* [Description of the task]:
After locating the line with "Blondeboybradfree OnlyFans Leaked" in the data that follows, return it and every later line exactly, up to and including the line with "Clam Shell Trex Deck with Covered Patio".

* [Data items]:
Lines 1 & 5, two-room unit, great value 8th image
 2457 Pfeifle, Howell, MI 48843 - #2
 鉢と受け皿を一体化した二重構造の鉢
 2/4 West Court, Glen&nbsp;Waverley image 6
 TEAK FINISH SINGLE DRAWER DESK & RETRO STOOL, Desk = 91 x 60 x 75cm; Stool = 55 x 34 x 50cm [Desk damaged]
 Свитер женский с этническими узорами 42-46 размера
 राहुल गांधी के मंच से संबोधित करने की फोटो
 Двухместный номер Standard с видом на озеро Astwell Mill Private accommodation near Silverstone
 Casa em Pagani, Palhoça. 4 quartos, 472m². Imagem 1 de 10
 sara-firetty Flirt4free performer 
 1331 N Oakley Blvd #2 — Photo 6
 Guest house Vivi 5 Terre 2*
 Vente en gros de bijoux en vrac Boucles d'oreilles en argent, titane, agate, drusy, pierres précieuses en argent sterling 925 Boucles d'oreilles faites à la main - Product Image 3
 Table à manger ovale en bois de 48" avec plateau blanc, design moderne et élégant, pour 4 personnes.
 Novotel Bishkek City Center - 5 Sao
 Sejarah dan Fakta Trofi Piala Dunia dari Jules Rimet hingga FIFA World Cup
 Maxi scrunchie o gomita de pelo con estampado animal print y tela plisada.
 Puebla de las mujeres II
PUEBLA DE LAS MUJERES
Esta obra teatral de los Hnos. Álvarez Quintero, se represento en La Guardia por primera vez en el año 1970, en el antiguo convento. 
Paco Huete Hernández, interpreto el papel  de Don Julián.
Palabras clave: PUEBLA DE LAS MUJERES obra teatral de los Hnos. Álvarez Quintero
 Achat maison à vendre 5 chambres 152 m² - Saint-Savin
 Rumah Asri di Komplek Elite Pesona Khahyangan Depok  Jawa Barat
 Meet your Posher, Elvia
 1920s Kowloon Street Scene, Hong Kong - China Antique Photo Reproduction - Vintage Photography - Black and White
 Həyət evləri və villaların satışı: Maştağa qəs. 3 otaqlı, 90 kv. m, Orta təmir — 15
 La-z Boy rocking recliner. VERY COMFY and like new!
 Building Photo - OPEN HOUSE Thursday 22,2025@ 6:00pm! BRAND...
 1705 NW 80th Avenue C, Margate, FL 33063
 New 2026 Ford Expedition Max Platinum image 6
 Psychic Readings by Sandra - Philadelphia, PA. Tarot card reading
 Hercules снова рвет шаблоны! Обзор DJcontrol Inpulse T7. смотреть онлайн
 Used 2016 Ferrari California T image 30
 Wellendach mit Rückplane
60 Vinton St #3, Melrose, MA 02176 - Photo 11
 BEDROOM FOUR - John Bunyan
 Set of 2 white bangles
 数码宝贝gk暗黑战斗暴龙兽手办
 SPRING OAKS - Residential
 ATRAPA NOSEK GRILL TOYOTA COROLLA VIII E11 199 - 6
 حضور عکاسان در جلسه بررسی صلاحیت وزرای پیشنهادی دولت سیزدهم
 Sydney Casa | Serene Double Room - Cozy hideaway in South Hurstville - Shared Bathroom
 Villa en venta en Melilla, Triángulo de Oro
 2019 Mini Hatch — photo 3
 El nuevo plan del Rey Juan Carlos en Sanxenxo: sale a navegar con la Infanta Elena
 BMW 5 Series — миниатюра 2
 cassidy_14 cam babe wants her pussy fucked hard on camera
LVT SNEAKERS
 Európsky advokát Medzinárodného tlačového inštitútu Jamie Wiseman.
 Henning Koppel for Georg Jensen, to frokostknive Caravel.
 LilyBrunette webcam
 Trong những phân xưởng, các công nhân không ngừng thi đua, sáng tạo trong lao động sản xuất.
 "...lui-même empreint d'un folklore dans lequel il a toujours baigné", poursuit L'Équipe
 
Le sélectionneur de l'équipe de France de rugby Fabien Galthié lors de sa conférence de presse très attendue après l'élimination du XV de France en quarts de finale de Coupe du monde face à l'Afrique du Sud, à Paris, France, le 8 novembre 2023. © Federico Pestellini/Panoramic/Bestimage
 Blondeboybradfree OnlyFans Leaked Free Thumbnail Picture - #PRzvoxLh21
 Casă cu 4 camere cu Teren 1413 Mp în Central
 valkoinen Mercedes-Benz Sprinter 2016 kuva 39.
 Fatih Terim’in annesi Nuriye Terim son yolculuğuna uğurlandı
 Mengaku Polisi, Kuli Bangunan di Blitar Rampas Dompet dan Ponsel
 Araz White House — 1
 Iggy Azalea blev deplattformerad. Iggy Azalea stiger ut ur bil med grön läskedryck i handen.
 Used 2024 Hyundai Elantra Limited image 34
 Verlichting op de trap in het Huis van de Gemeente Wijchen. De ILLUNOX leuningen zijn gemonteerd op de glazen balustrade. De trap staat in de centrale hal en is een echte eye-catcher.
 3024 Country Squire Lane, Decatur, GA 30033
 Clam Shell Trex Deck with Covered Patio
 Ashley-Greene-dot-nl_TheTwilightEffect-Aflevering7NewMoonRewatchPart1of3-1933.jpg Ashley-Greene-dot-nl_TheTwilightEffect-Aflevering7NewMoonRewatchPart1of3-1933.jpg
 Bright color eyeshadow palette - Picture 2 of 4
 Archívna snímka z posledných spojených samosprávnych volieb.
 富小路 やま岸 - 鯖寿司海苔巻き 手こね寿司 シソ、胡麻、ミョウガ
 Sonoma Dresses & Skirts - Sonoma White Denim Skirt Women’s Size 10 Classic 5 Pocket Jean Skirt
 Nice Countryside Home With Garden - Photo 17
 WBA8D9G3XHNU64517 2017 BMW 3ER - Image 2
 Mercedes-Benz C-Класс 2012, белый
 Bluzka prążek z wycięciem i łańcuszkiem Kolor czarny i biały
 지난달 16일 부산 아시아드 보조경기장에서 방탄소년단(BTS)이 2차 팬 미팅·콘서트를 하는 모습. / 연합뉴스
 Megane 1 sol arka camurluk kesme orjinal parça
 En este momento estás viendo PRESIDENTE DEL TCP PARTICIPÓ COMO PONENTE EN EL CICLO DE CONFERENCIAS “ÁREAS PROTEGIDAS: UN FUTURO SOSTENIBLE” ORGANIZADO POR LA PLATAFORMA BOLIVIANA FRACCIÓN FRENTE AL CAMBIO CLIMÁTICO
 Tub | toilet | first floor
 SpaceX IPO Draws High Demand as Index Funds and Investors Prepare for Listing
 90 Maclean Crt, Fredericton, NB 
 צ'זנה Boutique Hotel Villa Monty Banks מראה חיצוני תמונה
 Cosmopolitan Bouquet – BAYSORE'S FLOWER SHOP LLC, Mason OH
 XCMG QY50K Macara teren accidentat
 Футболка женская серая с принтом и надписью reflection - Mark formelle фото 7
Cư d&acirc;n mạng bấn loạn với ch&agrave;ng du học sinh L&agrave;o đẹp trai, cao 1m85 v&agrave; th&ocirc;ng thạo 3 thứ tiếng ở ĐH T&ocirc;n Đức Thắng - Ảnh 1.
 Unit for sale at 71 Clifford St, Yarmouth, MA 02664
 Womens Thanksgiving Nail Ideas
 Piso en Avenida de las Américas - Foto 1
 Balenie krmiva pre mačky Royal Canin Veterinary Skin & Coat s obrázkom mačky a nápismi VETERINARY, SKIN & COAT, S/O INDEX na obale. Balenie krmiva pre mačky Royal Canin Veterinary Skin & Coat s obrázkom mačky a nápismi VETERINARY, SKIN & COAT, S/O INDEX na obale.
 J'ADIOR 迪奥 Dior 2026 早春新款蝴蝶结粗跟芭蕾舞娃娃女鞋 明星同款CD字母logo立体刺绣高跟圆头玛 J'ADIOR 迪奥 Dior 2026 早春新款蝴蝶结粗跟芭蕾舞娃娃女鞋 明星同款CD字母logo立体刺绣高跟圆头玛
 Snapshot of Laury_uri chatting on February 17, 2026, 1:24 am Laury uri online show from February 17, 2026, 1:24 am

* [Reply to the task]:
 Blondeboybradfree OnlyFans Leaked Free Thumbnail Picture - #PRzvoxLh21
 Casă cu 4 camere cu Teren 1413 Mp în Central
 valkoinen Mercedes-Benz Sprinter 2016 kuva 39.
 Fatih Terim’in annesi Nuriye Terim son yolculuğuna uğurlandı
 Mengaku Polisi, Kuli Bangunan di Blitar Rampas Dompet dan Ponsel
 Araz White House — 1
 Iggy Azalea blev deplattformerad. Iggy Azalea stiger ut ur bil med grön läskedryck i handen.
 Used 2024 Hyundai Elantra Limited image 34
 Verlichting op de trap in het Huis van de Gemeente Wijchen. De ILLUNOX leuningen zijn gemonteerd op de glazen balustrade. De trap staat in de centrale hal en is een echte eye-catcher.
 3024 Country Squire Lane, Decatur, GA 30033
 Clam Shell Trex Deck with Covered Patio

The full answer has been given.